10.7.11

Evde Yalnız Uyuyamıyorsanız Afrika'da Yaşayıp Geri Gelin


Expatliğin ilk zamanları Isviçre'ye daha yeni taşınmışız, Vevey diye minik bir şehirde yaşıyoruz böyle ördekler, kuğular falan bir huzur bir huzur, evimiz de bahçe katında çok tatlı ama gel gör ki "D" seyahate gidiyor ben tanımadığım yer diye yadırgayıp uyuyamıyorum. Yorganın altına alnımı kapatacak kadar girip kulağıma da müziği takıyorum ama ilk çıtta deli gibi gözlerimi faltaşı açıp yatağın içine oturuyorum. Memlekette de bir saatten sonra sadece çıt sesine müsaade olduğu için gel de duyma. Halbuki Isviçre dünyanın en emniyetli yeri. Arada bir bir arabanın müzik sistemi falan çalınıyor onu da sınırı geçen fransızlar yaptı diyorlar. Ama gel gör ki benim aklımda hollywood uydurması seri katil senaryoları soundtrack eşliğinde dönüyor.

Böyle 1 yıl geçirdikten sonra Fildişi Sahili'ne Abidjan'a taşındık. Benim hayalgücüme gerek kalmadı böylece çünkü bu kez de ortalık "Die Hard" film seti gibi. Eli kalaşnikoflu polisler her 500 mt'de bir arabayı durdurup kontrol yapıyor. Zaten 5.ayın sonunda beyazlara karşı savaş açıldı ki onu daha önce yazmıştım biliyorsunuz. Evin önünden onbinlerce insan "bütün beyazları yiyicez" diye bağırarak geçince seri katil falan vız geliyor insana, alır o testereyi ağaç budamaya gönderirim ben o seri katili.

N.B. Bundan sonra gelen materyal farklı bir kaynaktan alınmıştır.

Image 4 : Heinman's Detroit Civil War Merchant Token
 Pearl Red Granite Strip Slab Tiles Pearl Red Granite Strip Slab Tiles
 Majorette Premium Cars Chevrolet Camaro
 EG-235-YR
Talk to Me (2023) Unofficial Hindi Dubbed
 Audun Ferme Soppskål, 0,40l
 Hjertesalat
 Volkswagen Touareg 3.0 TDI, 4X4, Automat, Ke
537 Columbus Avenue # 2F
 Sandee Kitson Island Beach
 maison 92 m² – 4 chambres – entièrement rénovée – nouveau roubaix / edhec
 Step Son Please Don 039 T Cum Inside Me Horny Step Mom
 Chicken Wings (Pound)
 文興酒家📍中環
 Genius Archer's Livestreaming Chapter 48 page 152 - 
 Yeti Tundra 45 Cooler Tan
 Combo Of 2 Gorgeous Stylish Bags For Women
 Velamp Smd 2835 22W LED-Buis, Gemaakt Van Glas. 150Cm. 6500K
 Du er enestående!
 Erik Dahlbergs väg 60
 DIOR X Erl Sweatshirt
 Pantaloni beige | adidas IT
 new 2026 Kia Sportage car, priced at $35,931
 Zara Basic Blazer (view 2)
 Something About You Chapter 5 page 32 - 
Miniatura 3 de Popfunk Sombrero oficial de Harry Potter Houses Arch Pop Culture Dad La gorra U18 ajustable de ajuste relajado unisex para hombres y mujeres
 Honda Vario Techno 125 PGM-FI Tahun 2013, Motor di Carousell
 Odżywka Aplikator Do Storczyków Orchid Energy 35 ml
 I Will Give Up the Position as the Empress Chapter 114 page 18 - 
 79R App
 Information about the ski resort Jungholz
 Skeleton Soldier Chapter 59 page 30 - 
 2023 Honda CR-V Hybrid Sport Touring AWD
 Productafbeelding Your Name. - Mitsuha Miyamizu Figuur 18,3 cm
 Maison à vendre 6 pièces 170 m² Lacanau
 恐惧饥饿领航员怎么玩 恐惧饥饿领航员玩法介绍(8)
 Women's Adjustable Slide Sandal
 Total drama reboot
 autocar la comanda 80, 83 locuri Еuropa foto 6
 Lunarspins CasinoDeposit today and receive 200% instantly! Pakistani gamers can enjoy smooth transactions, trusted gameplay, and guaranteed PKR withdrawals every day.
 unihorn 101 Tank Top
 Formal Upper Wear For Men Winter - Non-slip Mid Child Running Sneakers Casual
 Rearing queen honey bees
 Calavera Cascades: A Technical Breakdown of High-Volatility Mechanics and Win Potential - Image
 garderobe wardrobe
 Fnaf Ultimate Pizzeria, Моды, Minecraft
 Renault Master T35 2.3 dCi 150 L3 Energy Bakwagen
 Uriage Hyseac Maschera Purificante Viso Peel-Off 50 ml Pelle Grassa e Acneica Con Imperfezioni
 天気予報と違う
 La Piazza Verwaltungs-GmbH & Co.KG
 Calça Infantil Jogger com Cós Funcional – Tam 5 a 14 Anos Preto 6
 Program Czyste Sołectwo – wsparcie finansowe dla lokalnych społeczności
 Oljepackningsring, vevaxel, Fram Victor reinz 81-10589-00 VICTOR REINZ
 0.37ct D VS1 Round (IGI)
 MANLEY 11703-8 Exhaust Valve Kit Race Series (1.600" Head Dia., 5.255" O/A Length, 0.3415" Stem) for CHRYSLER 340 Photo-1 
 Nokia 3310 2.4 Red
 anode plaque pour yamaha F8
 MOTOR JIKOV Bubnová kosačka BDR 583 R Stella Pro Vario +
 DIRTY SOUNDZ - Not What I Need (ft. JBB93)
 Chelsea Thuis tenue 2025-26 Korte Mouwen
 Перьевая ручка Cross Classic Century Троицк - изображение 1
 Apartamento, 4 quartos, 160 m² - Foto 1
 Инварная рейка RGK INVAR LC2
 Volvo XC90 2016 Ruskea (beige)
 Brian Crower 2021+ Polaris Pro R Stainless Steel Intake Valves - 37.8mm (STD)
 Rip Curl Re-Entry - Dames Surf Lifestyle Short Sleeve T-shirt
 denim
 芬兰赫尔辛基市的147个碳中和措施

Savaştan kaçtık kendimizi bu defa Senegal'de Dakar'da bulduk. Kapısında korumaların beklediği bir binada yaşıyoruz. Bir Japon arkadaşımızın evine hırsızlar girdi. Öyle uyandırmadan sessizce işimizi halledip kaçalım falan gibi dertleri yok, gelip direkt kızı ve kocasını uyandırıp mücevherleri verin diyorlar. Kızın da sadece incik boncuğu var, bir de üstüne azar işitiyor hırsızdan "sen ne biçim kadınsın hiç altının, taşın yok" diye. Hem soyul hem aşağılan! Bundan 1 hafta sonra da biz soyulduk. Bizi kim soydu dersiniz? Kapıda bekleyen güvenlik görevlimiz. Tabii ki ispat edemedik ama göstere göstere benden çaldıkları CDman'le müzik dinlediler (evet o zamanlar ipod yoktu)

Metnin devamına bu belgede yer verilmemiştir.